Biographie
Né le 7 octobre 1919 à Paris, Georges Duby est tout d'abord étudiant puis assistant à Lyon avant de soutenir sa thèse de doctorat à Paris sous la direction de Charles-Edmond Perrin. L'excellence de ses travaux lui vaut, dès 1951, l'obtention d'une chaire de professeur à l'Université d'Aix-en-Provence. Sa brillante carrière académique trouve une nouvelle consécration lorsqu'il est appelé, en 1970, au Collège de France où il enseigne jusqu'en 1991. Auteur d'une vingtaine d'ouvrages, directeur de plusieurs collections, Georges Duby continue à publier, à développer de nouveaux projets, à susciter les vocations des jeunes chercheurs. Dès la publication de sa thèse intitulée La société au XIe et XIIe siècles dans la région mâconnaise, Georges Duby se pose en digne représentant de l'école des Annales, dont il appartient à la deuxième génération d'historiens. Il a donc choisi d'offrir au monde scientifique une synthèse d'histoire socio-économique consacrée à une région bien précise, tout en adoptant aussi le point de vue du géographe car avant de se tourner vers l'histoire médiévale, Georges Duby avait d'abord conquis un diplôme de géographie. Cette démarche apparaîtra, en 1953, comme très novatrice et influencera bon nombre d'historiens français et étrangers.

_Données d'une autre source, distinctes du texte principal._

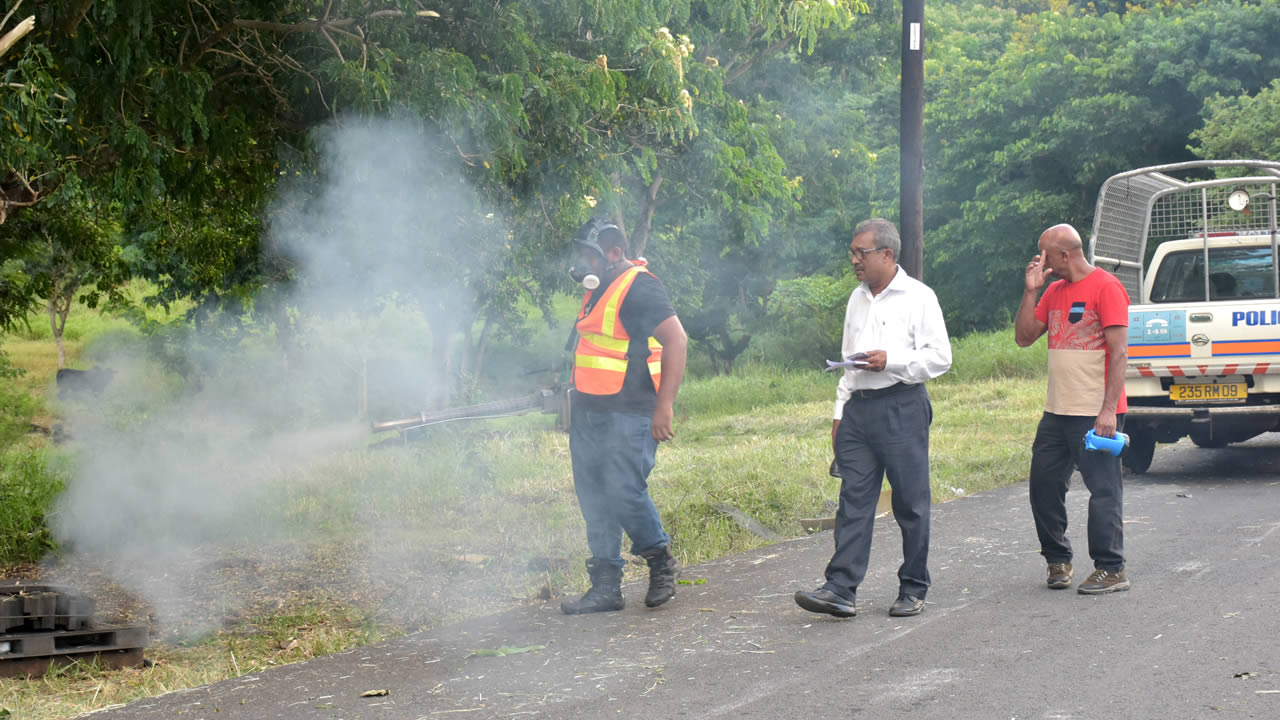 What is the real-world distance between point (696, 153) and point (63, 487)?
918 cm

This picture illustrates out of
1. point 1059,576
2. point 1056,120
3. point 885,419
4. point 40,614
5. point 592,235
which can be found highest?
point 1056,120

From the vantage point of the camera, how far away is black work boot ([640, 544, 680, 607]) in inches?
243

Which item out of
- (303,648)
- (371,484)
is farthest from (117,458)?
(303,648)

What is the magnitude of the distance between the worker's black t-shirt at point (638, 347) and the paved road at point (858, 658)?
988 millimetres

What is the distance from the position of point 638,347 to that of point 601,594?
1.18 m

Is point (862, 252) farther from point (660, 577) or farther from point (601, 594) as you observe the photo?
point (601, 594)

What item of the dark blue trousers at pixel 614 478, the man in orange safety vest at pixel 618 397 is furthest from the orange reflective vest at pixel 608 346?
the dark blue trousers at pixel 614 478

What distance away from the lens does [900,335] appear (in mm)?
5699

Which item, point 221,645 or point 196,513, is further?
point 196,513

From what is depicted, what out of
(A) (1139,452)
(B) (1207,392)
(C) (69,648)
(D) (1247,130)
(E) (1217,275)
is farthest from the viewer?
(D) (1247,130)

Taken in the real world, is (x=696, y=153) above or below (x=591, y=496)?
above

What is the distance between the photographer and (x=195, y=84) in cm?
692

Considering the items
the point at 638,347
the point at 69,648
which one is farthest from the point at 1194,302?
the point at 69,648

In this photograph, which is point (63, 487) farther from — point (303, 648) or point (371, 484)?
point (303, 648) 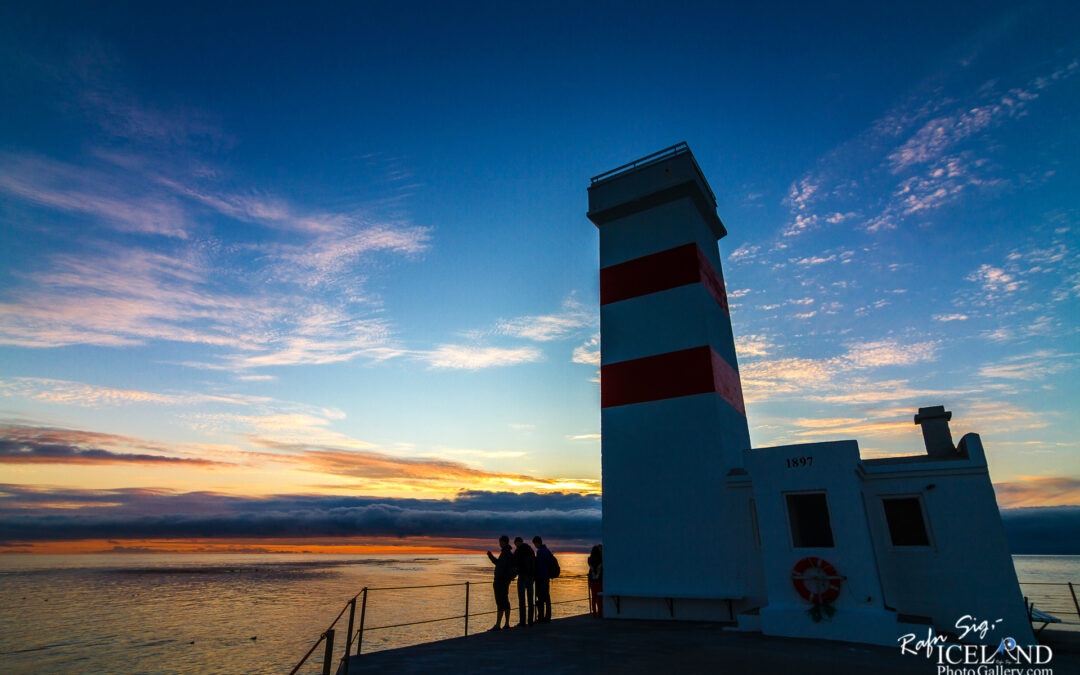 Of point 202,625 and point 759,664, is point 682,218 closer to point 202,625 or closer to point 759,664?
point 759,664

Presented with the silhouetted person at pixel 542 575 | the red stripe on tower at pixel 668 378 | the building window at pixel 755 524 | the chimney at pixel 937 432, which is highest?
the red stripe on tower at pixel 668 378

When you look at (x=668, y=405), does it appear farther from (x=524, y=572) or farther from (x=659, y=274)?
(x=524, y=572)

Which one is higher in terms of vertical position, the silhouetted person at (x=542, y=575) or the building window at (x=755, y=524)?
the building window at (x=755, y=524)

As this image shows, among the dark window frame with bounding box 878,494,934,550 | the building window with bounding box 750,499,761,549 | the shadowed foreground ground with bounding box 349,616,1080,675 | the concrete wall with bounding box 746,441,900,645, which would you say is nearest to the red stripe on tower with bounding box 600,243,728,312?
the concrete wall with bounding box 746,441,900,645

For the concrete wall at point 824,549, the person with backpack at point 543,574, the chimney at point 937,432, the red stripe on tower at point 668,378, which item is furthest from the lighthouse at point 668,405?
the chimney at point 937,432

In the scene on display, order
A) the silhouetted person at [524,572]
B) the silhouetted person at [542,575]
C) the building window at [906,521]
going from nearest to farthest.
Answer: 1. the building window at [906,521]
2. the silhouetted person at [524,572]
3. the silhouetted person at [542,575]

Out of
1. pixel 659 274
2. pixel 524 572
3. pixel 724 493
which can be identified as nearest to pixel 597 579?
pixel 524 572

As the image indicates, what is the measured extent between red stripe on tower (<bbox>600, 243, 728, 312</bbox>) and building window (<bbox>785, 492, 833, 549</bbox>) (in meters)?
5.95

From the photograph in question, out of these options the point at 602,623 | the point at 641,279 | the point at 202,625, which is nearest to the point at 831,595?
the point at 602,623

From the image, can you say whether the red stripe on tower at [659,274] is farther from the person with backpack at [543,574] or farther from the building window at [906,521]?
the person with backpack at [543,574]

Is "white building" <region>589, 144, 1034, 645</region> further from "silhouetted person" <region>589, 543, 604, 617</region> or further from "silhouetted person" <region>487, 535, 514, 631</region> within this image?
"silhouetted person" <region>487, 535, 514, 631</region>

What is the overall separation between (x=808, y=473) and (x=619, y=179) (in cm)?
1000

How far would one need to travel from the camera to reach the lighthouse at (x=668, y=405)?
423 inches

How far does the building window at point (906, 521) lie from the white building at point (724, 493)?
2cm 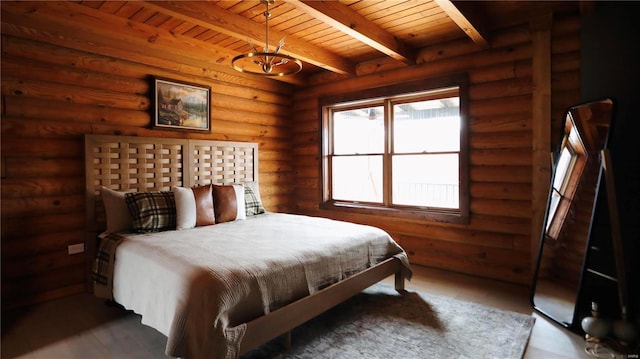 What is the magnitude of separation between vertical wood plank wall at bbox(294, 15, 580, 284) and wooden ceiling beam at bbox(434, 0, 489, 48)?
0.30 m

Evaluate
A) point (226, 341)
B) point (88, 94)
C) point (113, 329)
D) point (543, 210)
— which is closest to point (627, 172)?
point (543, 210)

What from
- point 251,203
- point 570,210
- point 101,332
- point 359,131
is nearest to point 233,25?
point 251,203

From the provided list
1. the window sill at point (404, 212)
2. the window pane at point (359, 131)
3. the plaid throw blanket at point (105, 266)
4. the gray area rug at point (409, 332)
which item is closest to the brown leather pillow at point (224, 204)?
the plaid throw blanket at point (105, 266)

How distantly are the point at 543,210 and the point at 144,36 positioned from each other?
4287mm

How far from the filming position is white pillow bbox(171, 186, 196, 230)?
323 centimetres

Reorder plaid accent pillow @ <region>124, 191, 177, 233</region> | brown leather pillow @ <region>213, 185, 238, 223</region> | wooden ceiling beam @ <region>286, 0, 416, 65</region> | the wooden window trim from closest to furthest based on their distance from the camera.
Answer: wooden ceiling beam @ <region>286, 0, 416, 65</region> < plaid accent pillow @ <region>124, 191, 177, 233</region> < brown leather pillow @ <region>213, 185, 238, 223</region> < the wooden window trim

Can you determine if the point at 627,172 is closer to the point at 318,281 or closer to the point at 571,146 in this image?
the point at 571,146

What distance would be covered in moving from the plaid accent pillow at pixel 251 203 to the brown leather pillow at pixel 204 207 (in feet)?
1.89

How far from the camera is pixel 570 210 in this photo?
9.14 ft

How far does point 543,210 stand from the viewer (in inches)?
130

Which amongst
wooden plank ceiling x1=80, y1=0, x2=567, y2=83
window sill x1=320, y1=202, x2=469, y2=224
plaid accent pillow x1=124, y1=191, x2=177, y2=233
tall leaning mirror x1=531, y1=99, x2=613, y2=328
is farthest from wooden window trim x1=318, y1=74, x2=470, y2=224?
plaid accent pillow x1=124, y1=191, x2=177, y2=233

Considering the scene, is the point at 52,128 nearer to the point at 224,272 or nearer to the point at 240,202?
the point at 240,202

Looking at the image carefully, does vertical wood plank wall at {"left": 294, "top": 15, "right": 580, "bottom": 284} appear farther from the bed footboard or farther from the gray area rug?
the bed footboard

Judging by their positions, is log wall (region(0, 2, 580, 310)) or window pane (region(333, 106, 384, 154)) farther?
window pane (region(333, 106, 384, 154)) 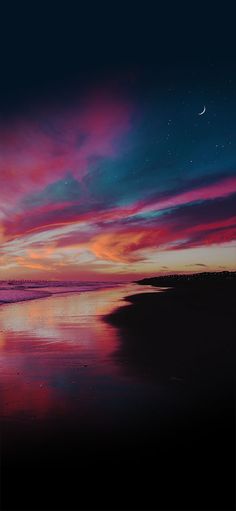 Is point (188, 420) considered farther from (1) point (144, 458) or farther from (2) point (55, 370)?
(2) point (55, 370)

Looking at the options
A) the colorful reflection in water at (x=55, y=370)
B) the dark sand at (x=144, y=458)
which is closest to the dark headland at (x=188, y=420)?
the dark sand at (x=144, y=458)

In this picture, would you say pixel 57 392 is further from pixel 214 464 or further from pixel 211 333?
pixel 211 333

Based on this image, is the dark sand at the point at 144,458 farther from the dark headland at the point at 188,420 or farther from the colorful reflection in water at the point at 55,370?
the colorful reflection in water at the point at 55,370

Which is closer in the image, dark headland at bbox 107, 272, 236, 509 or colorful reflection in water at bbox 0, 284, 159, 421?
dark headland at bbox 107, 272, 236, 509

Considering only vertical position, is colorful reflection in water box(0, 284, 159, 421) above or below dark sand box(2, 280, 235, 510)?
above

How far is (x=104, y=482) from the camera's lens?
4.01 meters

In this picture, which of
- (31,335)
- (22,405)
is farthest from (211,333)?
(22,405)

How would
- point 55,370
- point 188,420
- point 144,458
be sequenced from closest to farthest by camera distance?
point 144,458 < point 188,420 < point 55,370

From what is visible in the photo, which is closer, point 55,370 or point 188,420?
point 188,420

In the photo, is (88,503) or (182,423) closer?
(88,503)

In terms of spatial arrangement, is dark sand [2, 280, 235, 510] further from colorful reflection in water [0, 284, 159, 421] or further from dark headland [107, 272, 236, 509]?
colorful reflection in water [0, 284, 159, 421]

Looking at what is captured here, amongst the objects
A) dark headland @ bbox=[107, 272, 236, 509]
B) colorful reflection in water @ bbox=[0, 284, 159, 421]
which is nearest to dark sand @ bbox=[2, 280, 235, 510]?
dark headland @ bbox=[107, 272, 236, 509]

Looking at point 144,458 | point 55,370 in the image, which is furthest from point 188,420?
point 55,370

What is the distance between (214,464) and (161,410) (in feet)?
5.49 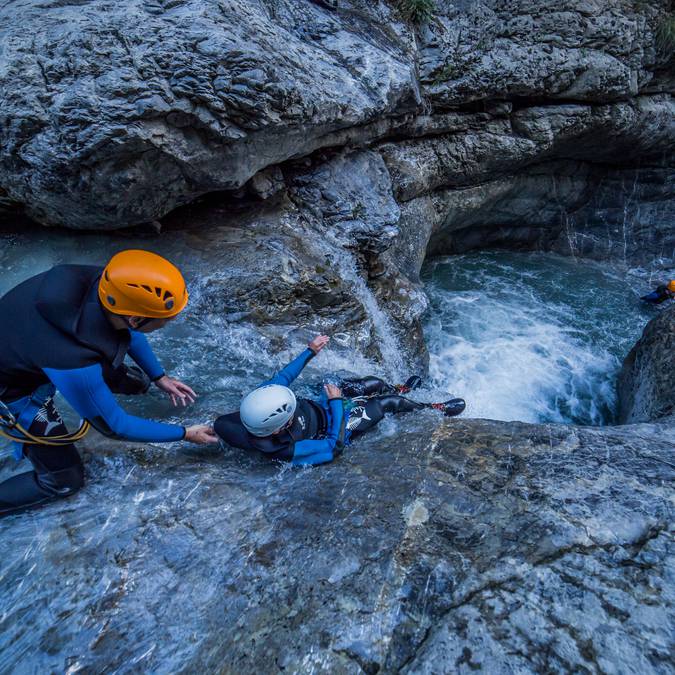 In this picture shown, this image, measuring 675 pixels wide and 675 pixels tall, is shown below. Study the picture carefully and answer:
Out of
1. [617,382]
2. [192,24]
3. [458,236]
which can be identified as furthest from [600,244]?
[192,24]

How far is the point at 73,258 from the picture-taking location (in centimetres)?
526

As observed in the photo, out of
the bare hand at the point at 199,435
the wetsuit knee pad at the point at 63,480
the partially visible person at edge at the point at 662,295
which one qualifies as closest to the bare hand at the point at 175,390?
the bare hand at the point at 199,435

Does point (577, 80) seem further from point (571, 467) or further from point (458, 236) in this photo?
point (571, 467)

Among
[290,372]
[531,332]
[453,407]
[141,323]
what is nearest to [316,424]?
[290,372]

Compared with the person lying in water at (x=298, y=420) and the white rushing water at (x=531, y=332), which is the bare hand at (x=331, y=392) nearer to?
the person lying in water at (x=298, y=420)

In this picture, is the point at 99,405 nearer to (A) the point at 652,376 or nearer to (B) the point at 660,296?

L'histoire économique continue alors à le passionner et l'amène à publier une nouvelle synthèse, cette fois beaucoup plus vaste : L'économie rurale et la vie des campagnes dans l'Occident médiéval (1962). Ouvrage téméraire, synthèse provisoire destinée à être peu à peu corrigée et complétée par d'autres chercheurs, mais qui, à ce titre, a le mérite d'exister. Dans la même perspective, il dirige en 1975 un ouvrage collectif, l'Histoire de la France rurale, qui demeure l'un des manuels de référence en la matière. Mais, c'est vers l'histoire sociale que vont de plus en plus se porter ses intérêts : en particulier, l'histoire de la petite et moyenne aristocratie, celle des chevaliers, retient son attention, notamment dans Guerriers et paysans (1973) ou dans Le dimanche de Bouvines (1973) qui reste, pour beaucoup, l'un de ses meilleurs ouvrages et dont il dira plus tard : «Il me semble avoir écrit ce livre avec plus de plaisir que tout autre, et je crois que cela se sent» (L'Histoire continue, 1991). De fait, il ne s'agit pas ici de raconter les événements de la bataille de Bouvines mais bien d'analyser les sources contemporaines afin d'y déceler les indices permettant de reconstituer, dans les moindres détails, le comportement et la psychologie des guerriers.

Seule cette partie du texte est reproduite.